Wg gain-of-function clones were also generated by the MARCM technique(Fig. 3B,E,G)(Lee and Luo, 1999). y w hsp70-flp Tubulinα1-Gal4 UAS-GFPnls; UAS-wgG;Tubulinα1-Gal80 FRT2A/ FRT2A(Struhl and Greenwald, 2001)larvae were heat shocked at 37°C for 15 minutes at 48-72 hours AEL.
No less than 20 clones were examined for each genotype.
Dissected larvae were fixed for 20 minutes in a 4% paraformaldehyde solution in PBT (PBS/0.1% Tween 20) and immunostained with mouse anti-Ubx(provided by Ernesto Sanchez-Herrero), rat anti-Iro-C (provided by Juan Modolell), rat anti-Zfh-2 (provided by Martha Lundell), mouse anti-Armadillo(Arm) (Hybridoma Bank), mouse anti-Discs large 1 (Dlg1) (Hybridoma Bank),mouse anti-Wg (Hybridoma Bank), rabbit anti-Vg (provided by Sean Carroll),rabbit anti-Distalless (Dll) (provided by Sean Carroll), rat anti-Ds (provided by Michael Simon), mouse anti-Nubbin (Nub) (provided by S. Cohen), rat anti-Tailup (Tup) (provided by Jim Skeath) or guinea pig anti-Eyegone (Eyg)(provided by Natalia Azpiazu) antibodies in PBTBSA (PBT/0.3% BSA). Alexa Fluor-488-, -546- (Molecular Probes) or Cy5 (Jackson InmunoResearch)-conjugated secondary antibodies were used to detect primary antibodies. F-actin staining was performed with Texas Red-coupled phalloidin(Sigma). Cell nuclei were stained for 20 minutes in a 1 mM To-Pro-3 iodide(Molecular Probes) solution in PBT. Imaginal discs were mounted in Vectashield(Vector Laboratories, Inc).

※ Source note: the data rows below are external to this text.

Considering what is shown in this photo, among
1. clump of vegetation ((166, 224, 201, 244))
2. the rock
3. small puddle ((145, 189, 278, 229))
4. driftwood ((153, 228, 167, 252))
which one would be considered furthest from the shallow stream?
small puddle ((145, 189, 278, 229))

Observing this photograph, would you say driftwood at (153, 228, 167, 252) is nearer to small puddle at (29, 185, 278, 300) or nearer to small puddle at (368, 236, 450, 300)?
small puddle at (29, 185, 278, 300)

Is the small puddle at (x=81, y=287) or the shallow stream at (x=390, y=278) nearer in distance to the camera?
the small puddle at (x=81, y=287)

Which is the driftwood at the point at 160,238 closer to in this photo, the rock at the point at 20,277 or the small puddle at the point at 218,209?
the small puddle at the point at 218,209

Microscopy and image treatment
Images were acquired in a BioRad 2000 confocal microscope and treated with the Metaview (Universal Imaging) and Photoshop 7.0 (Adobe Corp) image programs.

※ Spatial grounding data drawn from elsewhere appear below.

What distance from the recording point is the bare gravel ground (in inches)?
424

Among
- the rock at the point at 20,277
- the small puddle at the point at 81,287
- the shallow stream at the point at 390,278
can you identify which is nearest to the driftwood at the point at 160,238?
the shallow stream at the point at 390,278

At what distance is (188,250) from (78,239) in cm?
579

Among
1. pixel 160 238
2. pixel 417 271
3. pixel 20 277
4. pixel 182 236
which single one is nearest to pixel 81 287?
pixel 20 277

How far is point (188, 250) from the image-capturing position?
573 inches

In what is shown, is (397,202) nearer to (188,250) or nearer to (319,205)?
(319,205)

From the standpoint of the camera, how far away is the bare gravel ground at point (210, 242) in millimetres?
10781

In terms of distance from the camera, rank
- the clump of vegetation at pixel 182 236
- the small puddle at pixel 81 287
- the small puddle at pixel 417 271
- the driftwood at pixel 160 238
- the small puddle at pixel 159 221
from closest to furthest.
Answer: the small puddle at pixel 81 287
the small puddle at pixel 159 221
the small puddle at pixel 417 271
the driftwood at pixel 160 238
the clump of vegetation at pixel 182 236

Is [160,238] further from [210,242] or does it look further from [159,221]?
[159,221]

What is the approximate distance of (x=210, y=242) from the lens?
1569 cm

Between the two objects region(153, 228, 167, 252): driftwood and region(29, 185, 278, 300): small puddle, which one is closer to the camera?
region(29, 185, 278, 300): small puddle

Early development of the peripodial side of the wing imaginal disc
At the beginning of the second larval instar, all cells of the wing imaginal disc show columnar morphology(Fig. 1B). Soon after, in mid second instar, some proximal cells at the disc peripodial side start to change their shapes from columnar to squamous(Fig. 1C). In the third instar disc, squamous cells fill most of the peripodial side, constituting its PE(Fig. 1D). The differences in cell shape, however, are preceded by differences in gene expression between the two sides of the disc (Fig. 1B). In mid second instar, the squamous cells, as well as surrounding cubic cells in the peripodial side of the disc, express high levels of Ubx (Fig. 1C). Later on, in the third instar disc, high levels of Ubx are maintained only in squamous cells, while posterior cubic cells show a decreasing gradient of Ubx expression(Fig. 1D). The expression of Ubx, although it is a good genetic marker of the wing disc PE, is not required for PE development, as loss-of-function clones of Ubx are normal in size and shape and do not modify peripodial cell morphology (L. de Navas and E. Sanchez-Herrero, personal communication).

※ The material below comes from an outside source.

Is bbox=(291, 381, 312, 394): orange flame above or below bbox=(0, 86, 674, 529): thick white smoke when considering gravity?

Proximodistal (PD) territorial segregation in the wing-notum side of the wing disc proceeds simultaneously to the morphological changes of peripodial cells, and it is driven by the complementary and mutually exclusive activities of the Wg and Egfr signalling pathways(Baonza et al., 2000; Klein, 2001; Wang et al., 2000; Zecca and Struhl, 2002). In the second instar, cubic cells express zfh-2 and iro-C in distal and proximal domains, respectively(Fig. 1E). The early expression pattern of these genes, which is dependent on Wg and Egfr signalling(Baonza et al., 2000; Klein, 2001; Wang et al., 2000; Whitworth and Russell, 2003; Zecca and Struhl, 2002)suggests that the mechanism of PD segregation is also active in the peripodial side of the disc, although their expression pattern later evolves to overlap in some regions (Fig. 1F,G). In this context, proximal cubic cells would be part of the notum developmental field, whereas distal cubic cells would be part of the wing developmental field. Interestingly, Zfh-2 and Iro-C are not detected in the PE. Also, the limit of expression of Zfh-2 and Iro-C is sharp and coincident with the limit between cubic and squamous cells.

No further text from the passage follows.